All Blog Posts

Offsetting Overlapping Labels in d3.js with a Recursive Algorithm, or: using recursion on a real project for the first time eeeee

#project#code

April 29, 2020

5 min read

What is recursion? Simply a function that calls itself. As an example, here’s a recursive algorithm for calculating factorials:

function factorial(n) {
    if (n == 2) {
        return 2;
    }
    return n * factorial(n - 1);
}

This is a pretty trivial application; the same alg is easy enough to implement with a simple for loop. But for certain complex operations like merge sort, a recursive approach can be much easier and faster.

To be honest, I never thought I’d use recursion outside of my intro compsci class, at least not directly for my own algorithms. I’ve mainly done front-end development — the complexity of my JS functions rarely went beyond a for loop; if we’re fancy, then maybe some multidimensional arrays and manipulation of them. Recursion didn’t seem like something that was useful for functions that weren’t ridiculously complex or specific.

Recently I’ve been working a lot with d3.js, building a charting library for The Phillipian’s annual State of the Academy project.
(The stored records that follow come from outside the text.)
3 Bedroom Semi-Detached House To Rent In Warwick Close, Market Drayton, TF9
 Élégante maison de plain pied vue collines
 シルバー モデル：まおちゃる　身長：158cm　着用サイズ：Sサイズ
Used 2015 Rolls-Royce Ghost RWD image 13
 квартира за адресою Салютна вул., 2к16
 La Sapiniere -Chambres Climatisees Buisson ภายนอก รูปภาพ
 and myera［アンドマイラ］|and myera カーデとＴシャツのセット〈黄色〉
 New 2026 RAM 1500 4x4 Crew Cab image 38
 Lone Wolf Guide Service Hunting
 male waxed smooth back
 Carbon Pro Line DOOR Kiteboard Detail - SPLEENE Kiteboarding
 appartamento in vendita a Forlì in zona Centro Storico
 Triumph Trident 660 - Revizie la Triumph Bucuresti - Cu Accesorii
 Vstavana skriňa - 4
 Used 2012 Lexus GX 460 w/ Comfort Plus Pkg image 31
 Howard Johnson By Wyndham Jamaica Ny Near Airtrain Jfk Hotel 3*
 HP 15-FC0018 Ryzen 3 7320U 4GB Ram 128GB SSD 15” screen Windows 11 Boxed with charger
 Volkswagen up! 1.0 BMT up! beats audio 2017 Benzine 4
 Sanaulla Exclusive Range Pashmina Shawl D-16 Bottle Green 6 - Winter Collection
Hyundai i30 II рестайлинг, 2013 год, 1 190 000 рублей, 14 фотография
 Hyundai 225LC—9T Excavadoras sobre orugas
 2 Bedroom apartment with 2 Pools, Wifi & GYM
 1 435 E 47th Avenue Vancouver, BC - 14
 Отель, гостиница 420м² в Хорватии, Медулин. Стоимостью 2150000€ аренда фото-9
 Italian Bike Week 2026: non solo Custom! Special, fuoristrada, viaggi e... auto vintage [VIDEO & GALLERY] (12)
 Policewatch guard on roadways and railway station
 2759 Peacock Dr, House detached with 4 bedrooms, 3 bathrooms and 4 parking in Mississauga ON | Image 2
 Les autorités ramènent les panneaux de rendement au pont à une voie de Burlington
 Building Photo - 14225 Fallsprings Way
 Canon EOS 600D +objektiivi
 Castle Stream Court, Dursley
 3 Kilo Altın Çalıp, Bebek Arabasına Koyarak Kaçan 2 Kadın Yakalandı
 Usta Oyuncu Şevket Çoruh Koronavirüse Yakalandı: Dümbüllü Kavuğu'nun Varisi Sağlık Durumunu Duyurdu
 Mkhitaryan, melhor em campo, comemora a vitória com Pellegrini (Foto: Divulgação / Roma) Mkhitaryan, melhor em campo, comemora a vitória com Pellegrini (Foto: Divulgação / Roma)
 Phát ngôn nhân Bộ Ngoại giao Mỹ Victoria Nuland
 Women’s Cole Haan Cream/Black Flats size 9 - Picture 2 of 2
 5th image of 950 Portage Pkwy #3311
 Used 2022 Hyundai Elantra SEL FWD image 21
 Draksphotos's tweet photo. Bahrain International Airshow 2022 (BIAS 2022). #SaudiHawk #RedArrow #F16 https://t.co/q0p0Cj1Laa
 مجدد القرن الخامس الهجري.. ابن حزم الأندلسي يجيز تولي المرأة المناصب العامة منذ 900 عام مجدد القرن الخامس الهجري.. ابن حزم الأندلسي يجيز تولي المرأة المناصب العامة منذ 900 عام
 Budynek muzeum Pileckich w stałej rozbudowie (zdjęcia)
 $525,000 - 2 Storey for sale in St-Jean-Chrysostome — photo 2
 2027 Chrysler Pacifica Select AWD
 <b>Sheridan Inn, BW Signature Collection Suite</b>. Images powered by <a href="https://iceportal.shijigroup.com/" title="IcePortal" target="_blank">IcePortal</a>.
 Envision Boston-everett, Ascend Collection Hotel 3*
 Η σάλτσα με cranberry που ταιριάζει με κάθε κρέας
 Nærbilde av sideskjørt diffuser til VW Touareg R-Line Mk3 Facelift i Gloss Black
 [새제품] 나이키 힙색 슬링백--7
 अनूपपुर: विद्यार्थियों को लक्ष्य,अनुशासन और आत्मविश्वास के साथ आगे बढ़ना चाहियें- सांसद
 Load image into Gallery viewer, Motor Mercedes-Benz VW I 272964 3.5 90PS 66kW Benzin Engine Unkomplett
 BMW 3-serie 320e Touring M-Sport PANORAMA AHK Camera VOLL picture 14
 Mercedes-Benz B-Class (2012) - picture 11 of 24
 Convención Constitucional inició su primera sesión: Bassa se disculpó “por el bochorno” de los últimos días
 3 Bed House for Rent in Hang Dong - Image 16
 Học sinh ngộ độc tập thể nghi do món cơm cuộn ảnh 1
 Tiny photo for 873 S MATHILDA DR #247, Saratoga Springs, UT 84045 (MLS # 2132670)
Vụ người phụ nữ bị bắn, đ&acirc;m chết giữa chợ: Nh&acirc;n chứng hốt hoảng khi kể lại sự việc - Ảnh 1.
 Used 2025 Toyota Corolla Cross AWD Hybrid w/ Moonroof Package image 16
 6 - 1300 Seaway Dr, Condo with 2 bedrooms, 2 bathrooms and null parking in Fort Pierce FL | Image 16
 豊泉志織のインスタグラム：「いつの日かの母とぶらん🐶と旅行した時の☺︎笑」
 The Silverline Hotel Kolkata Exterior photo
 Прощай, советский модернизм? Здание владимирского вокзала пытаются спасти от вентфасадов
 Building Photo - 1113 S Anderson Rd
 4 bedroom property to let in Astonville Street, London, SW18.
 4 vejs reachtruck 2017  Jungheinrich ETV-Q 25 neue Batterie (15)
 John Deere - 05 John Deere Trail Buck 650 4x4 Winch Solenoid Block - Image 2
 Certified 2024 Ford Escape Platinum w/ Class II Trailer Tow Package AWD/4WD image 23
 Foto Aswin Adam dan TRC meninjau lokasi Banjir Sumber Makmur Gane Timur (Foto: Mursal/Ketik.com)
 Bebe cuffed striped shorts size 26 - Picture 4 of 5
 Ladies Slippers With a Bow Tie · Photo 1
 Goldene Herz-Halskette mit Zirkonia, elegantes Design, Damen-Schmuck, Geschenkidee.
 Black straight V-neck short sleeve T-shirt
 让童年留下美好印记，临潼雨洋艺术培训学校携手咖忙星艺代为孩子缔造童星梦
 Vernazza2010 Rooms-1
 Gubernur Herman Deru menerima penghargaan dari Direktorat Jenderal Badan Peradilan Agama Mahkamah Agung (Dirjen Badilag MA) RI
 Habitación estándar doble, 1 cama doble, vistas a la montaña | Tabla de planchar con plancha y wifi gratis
It’s been an amazing project, learning and getting comfortable with d3.js and Javascript in general, as I’ve only used it tangentially in service of non-JS static content before; this project gives me a good starting point for getting more into JS with tools like React. But I digress. d3.js is relevant because using it requires so much more direct and creative programming. It gives you tons of power by aiding with manipulating data and corresponding elements, but you’re leaving behind the world of document flow and generally built-in layout functionality. Coordinates and dimensions are set directly, so you need to come up with your own algorithms for dealing with overlap and even alignment.

As such, the comfort I gained working with arrays on seemingly arbitrary problems has actually come in handy. One such thing, unexpectedly, was recursion! Let me explain.

Here’s the starting point. Nice simple stackedBarChart, and I was just starting to implement labels:

The code so far is straightforward. First, I create a polyline, for now with just two points, going from the center of each bar to a certain amount above it. Then, above each of these lines, I render the appropriate text label, and push the right bound of each text label to an array. These right bounds are used to calculate the third point of the polyline, ending right where the text does. (Not sure why it’s not working for “Both” in the example above whoops)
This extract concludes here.